** Opening Record extracts block **
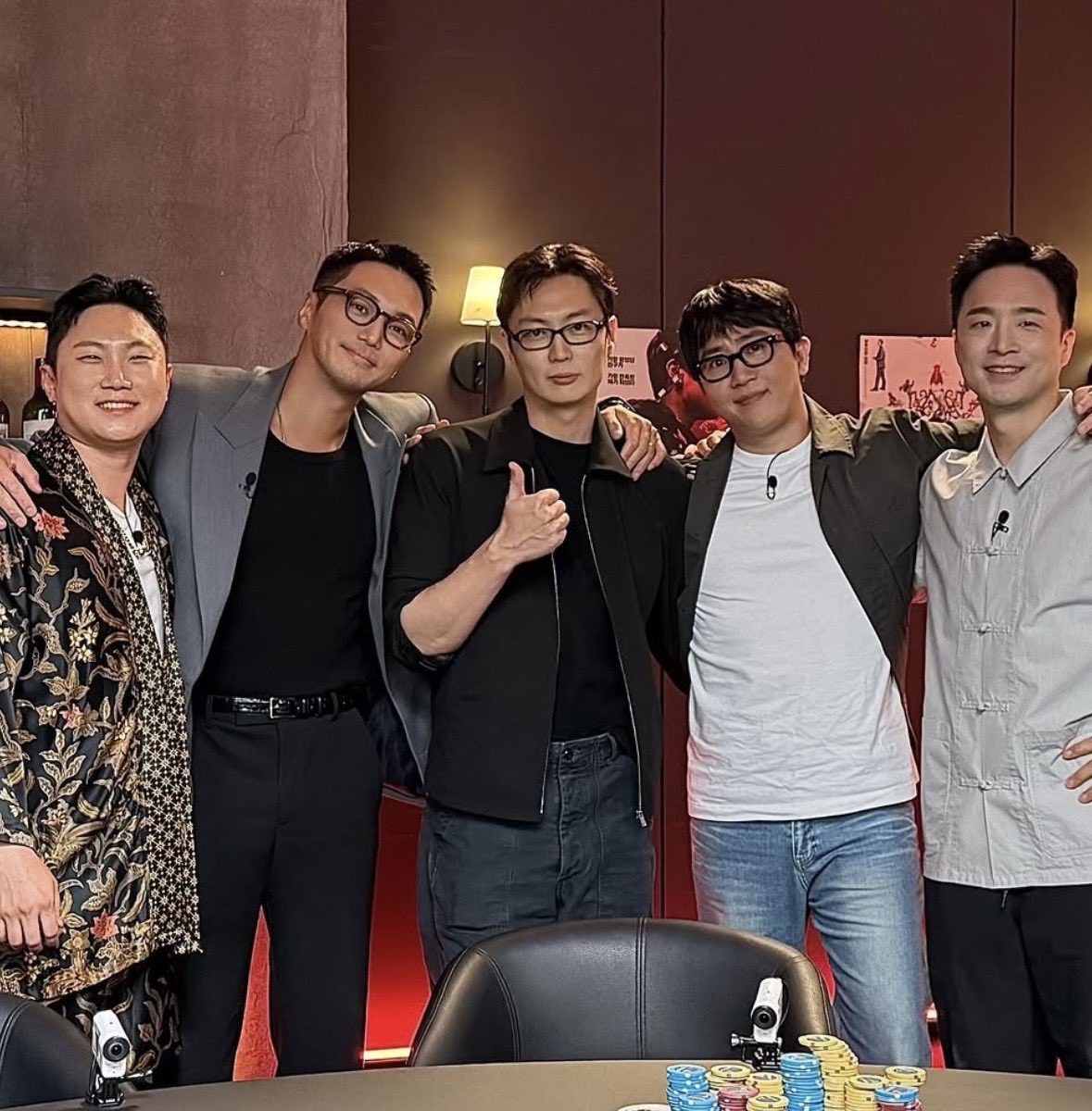 ddwwdfgff's tweet photo. 미모무슨일임 https://t.co/q0N0N7RSqk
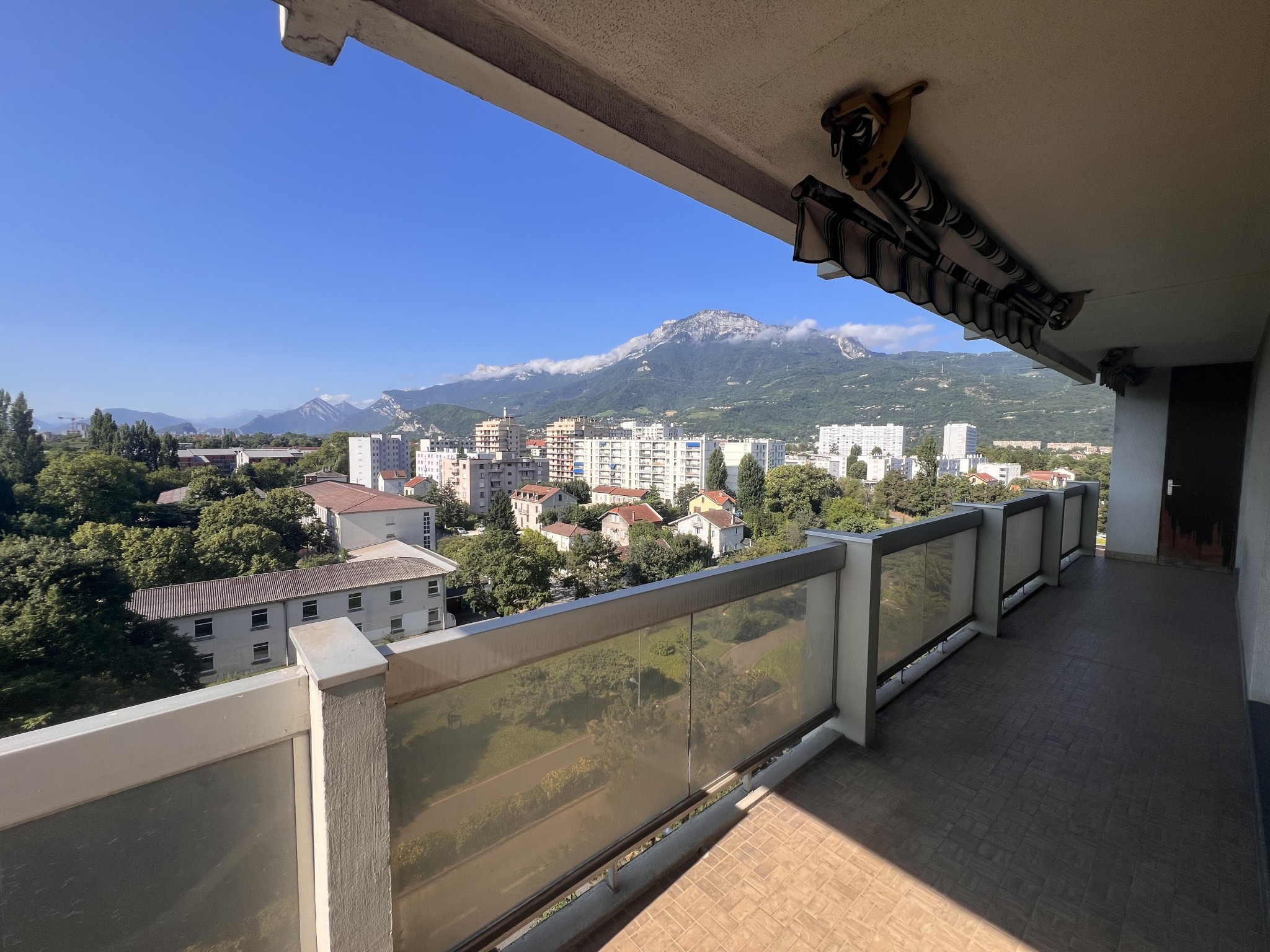 Vente Appartement à Grenoble 5 pièces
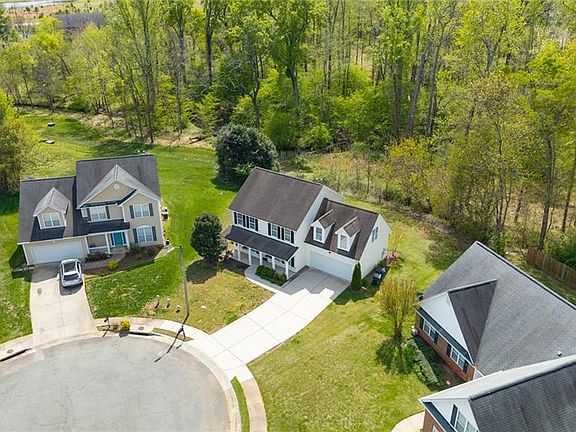 4th image of 816 Hawthorn Ridge Dr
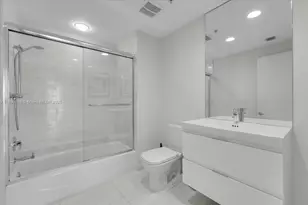 17301 Biscayne Blvd, North Miami Beach, FL 33160 - Photo 14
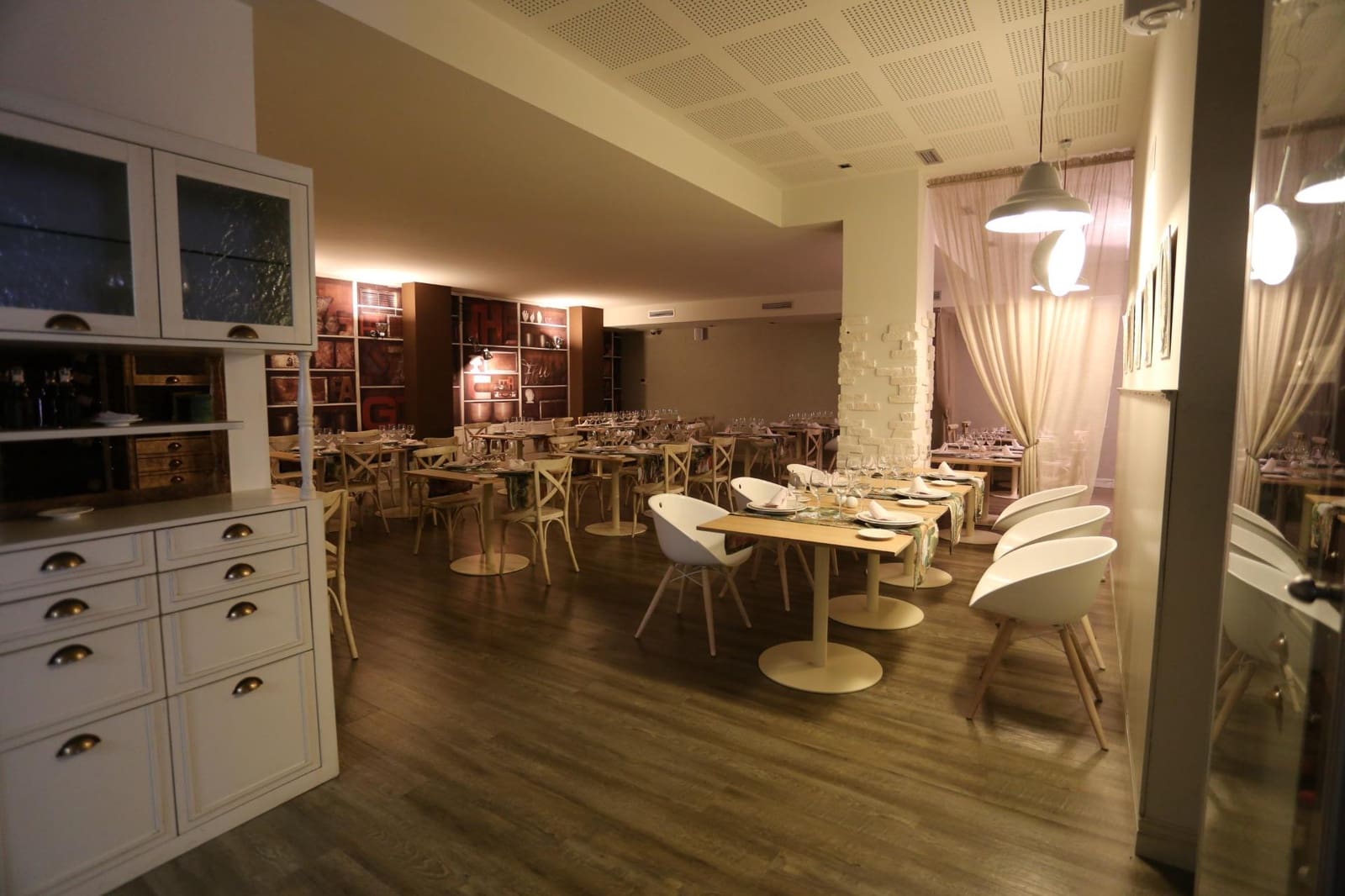 Kommersiell til salgs i O Carballino - € 470 000 (Ref: 9119365)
** Closing Record extracts block **
Each entry needs to be retyped exactly; the pictures stay out.

→ **Response below**:
 ddwwdfgff's tweet photo. 미모무슨일임 https://t.co/q0N0N7RSqk
 Vente Appartement à Grenoble 5 pièces
 4th image of 816 Hawthorn Ridge Dr
 17301 Biscayne Blvd, North Miami Beach, FL 33160 - Photo 14
 Kommersiell til salgs i O Carballino - € 470 000 (Ref: 9119365)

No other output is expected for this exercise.